SEÑOR DIRECTOR:

La situación de la principal arteria de la capital parece mejorar. La Alameda de hoy no luce como la de hace dos años y menos como la de hace cuatro. Las fachadas han sido recuperadas, los monumentos lavados y las carpas -dispositivo propio de lo rural- casi no se ven, al menos entre Plaza Italia y República. Los accesos a la Remodelación San Borja se han despejado, el siempre agredido Colegio de Arquitectos deja ver su fachada sin rayados y los bandejones han vuelto a ser el patio del almuerzo para maestros, escolares y oficinistas.

Sería inocente pensar que esta paz es definitiva, pues los ciclos de una ciudad declaran que lo bueno (y también lo malo) pertenecen a un universo finito. La Alameda es prueba: de un cauce de agua derivado del Mapocho, que abasteció a los picunches instalados en sus bordes, pronto pasó a ser un problema para la traza fundacional española, que no admitía a la naturaleza en sus límites. Más adelante, pasó de ser un suntuoso paseo estilo parisino, a ser el centro de los desórdenes populares, desde la Huelga de la Carne (1905) hasta el Estallido Social (2019).

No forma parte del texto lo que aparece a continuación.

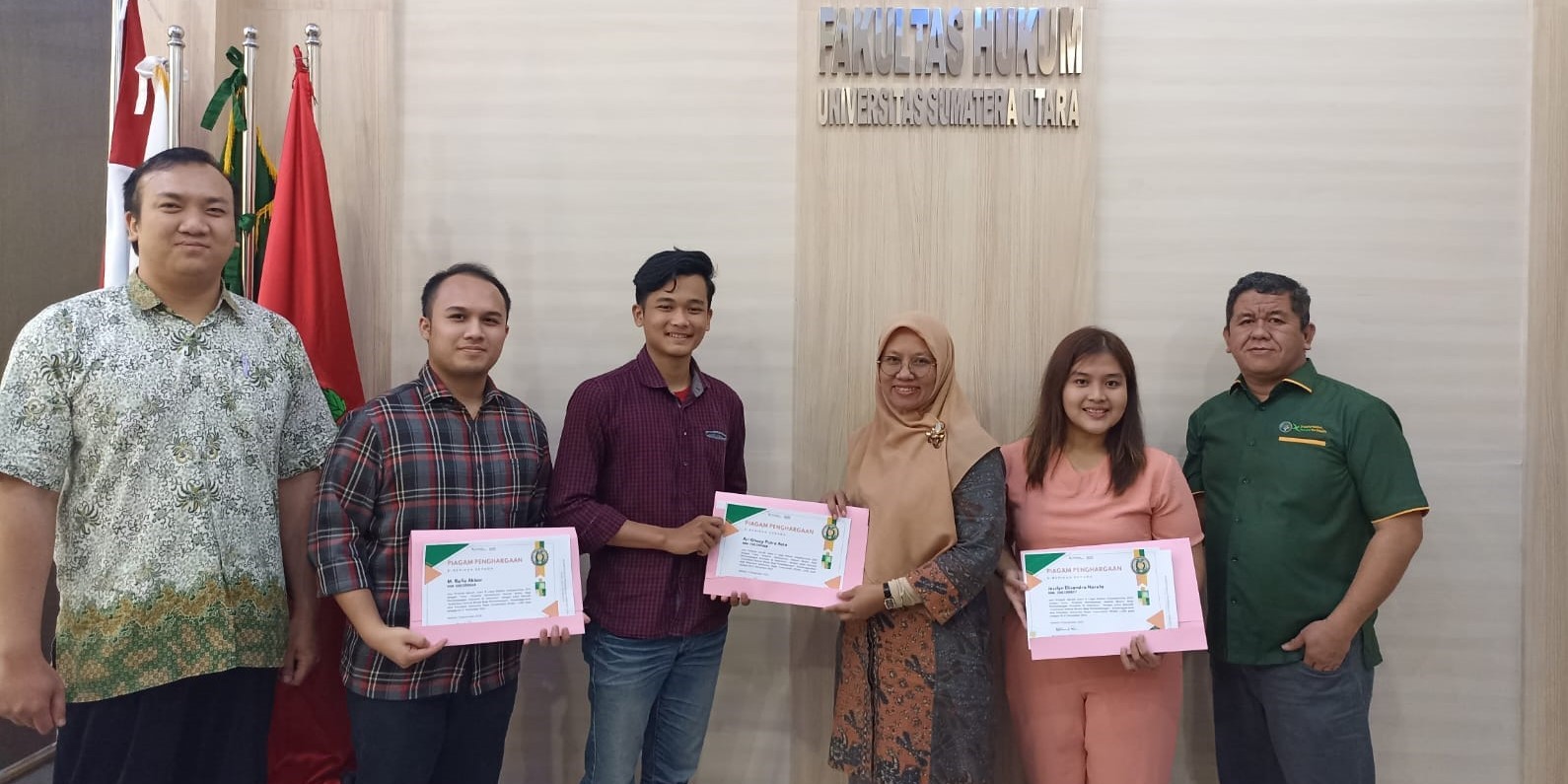 Mahasiswa Delegasi Fakultas Hukum USU Peraih Juara II Legal Debate Championship 2022 Mendapatkan Apresiasi Dan Piagam Penghargaan Dekan Fakultas Hukum USU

No es definitivo, pero el trabajo que se ha hecho desde la gobernación y la municipalidad, tiene un valor. No es irrelevante mostrar una mejor cara en momentos de profunda autoflagelación. Lo ideal es intentar, desde la institucionalidad, mantener la parte luminosa del ciclo la mayor cantidad de tiempo posible, independiente de quién gane las elecciones a fin de año. Por mientras, vale la pena volver a pasear por ahí.